◆ Work request:
Look through the listing below for the line with "McBurger Filet sales" and the line with "The better way". Copy both, along with every line between them, exactly and with no pictures.

◆ Information shown:
################
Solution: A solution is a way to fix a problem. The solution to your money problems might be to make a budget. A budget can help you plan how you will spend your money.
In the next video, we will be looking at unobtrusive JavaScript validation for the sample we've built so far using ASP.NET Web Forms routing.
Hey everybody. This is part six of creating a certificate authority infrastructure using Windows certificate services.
################
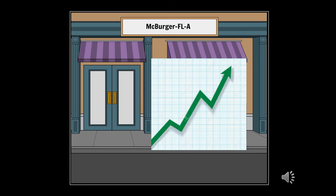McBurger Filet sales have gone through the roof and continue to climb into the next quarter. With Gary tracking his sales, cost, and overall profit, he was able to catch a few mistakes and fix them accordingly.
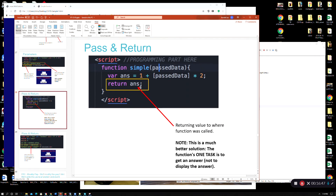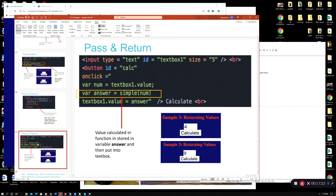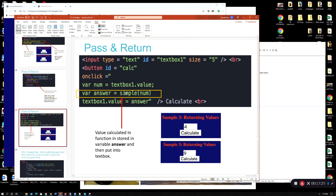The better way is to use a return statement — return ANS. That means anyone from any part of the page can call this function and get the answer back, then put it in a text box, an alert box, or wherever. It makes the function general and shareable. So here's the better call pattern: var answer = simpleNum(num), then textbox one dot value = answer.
################
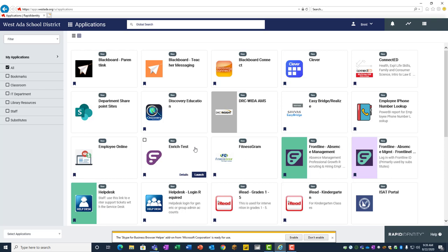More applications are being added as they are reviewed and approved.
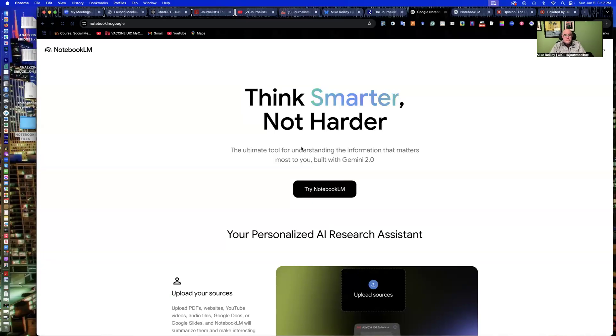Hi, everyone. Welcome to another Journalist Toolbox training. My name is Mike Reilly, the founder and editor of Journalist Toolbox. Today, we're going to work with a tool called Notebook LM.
################
◆ Solution below:
McBurger Filet sales have gone through the roof and continue to climb into the next quarter. With Gary tracking his sales, cost, and overall profit, he was able to catch a few mistakes and fix them accordingly.
The better way is to use a return statement — return ANS. That means anyone from any part of the page can call this function and get the answer back, then put it in a text box, an alert box, or wherever. It makes the function general and shareable. So here's the better call pattern: var answer = simpleNum(num), then textbox one dot value = answer.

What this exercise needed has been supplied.